Ruppig antwortete er: »Natürlich! So was Blödes, wollte ich gerade machen!« Aber seine Hände zitterten, als er die Schalttafel berührte. Es erschien ein zweites Bild. Auf der einen Seite sah man das bläuliche verschwommene Objekt, kaum erkennbar. Auf der anderen Hälfte des Bildschirms war dasselbe Objekt, umgeben von einem Haufen heller, kurzer roter Linien und flackernden grünen Kreisen.

Der Tote Mensch warnte mit düsterer Genugtuung: »Es ist ein gefährliches Objekt, Wan. Die Hitschi haben es als solches gekennzeichnet.«

»Idiot! Alle Schwarzen Löcher sind gefährlich!« Wan schaltete den Lautsprecher aus und drehte sich wütend und herablassend zu Dolly um. »Du hast auch Schiss!«, warf er ihr vor und stapfte zu den gestohlenen und Furcht einflößenden Apparaten im Landefahrzeug.

Es tröstete Dolly keineswegs zu sehen, dass Wan auch zitterte. Ohne jede Hoffnung starrte sie auf den Bildschirm und wartete auf den Kontakt mit den Gehirnströmen, den Wan mithilfe seines TPSE herzustellen versuchte. Es dauerte lange, weil der TPSE nicht über interstellare Entfernungen funktionierte. Sie nickte ein. Als sie aufwachte und durch die Luke ins Landefahrzeug hinunterspähte, sah sie Wan regungslos vor dem glitzernden Drahtnetz und dem strahlend hellen Korkenzieher hocken. Dann schlief sie wieder ein.

Sie schlief auch noch, als ihre Träume jäh durch den hasserfüllten, ängstlichen und besessenen Stich aus Wans Gehirn durch den TPSE unterbrochen wurden.

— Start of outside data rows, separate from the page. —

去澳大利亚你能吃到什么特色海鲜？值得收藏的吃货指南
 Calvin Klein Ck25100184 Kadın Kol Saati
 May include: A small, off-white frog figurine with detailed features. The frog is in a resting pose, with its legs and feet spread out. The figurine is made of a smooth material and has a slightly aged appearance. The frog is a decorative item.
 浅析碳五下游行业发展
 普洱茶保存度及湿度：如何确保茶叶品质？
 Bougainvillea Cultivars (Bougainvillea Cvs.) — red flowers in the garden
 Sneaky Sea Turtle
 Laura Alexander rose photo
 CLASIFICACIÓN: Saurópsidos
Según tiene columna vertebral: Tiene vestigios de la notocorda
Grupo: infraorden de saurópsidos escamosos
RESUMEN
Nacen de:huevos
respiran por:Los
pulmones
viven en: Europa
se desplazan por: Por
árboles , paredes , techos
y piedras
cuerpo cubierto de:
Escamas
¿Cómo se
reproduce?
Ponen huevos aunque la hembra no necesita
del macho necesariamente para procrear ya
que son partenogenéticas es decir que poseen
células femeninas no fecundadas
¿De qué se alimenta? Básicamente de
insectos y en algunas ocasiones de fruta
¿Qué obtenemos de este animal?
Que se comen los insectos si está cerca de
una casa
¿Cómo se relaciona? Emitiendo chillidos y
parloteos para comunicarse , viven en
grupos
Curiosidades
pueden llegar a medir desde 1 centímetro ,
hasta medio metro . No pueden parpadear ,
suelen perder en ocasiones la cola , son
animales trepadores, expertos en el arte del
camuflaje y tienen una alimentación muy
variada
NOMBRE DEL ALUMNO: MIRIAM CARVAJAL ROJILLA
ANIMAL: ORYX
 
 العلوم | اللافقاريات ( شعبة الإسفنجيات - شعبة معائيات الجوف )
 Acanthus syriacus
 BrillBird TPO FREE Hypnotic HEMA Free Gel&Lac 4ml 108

Sie war noch nicht ganz wach, als er in die Hauptkabine stürzte und über ihr stand. »Eine Person!«, stammelte er. Seine Augen funkelten wild, Schweiß rann über seine Stirn. »Jetzt muss ich nach innen vordringen!«

Unterdessen träumte ich von einem tiefen Gravitationsloch und einem Schatz, der dort verborgen war. Während Wan, vor Angst schwitzend, seine gestohlenen Geräte betätigte, schwitzte ich vor Schmerzen. Während Dolly verständnislos mit großen Augen das große unheimliche Ding auf dem Bildschirm anstarrte, starrte ich auf dasselbe Objekt. Sie hatte es nie zuvor gesehen. Ich schon. Ich hatte über meinem Bett ein Bild davon, das ich zu einer Zeit aufgenommen hatte, als ich noch mehr Schmerzen litt und noch verstörter war als jetzt. Ich versuchte, mich aufzusetzen. Aber Essies starke Hand drückte mich behutsam wieder zurück. »Du bist immer noch an Lebenserhaltungssysteme angeschlossen, Robin«, schimpfte sie. »Du darfst dich nicht so viel bewegen!« Ich war in der kleinen Krankenstation, die wir an das Haus am Tappan-See angebaut hatten, als es uns zu mühsam erschien, jedes Mal in eine andere Klinik zu gehen, wenn einer von uns repariert werden musste. »Wie bin ich hierher gekommen?«, brachte ich mühsam hervor.

»Mit dem Flugzeug, wie sonst?« Sie beugte sich über mich, um auf dem Bildschirm über meinem Kopf irgendetwas zu studieren. Dann nickte sie.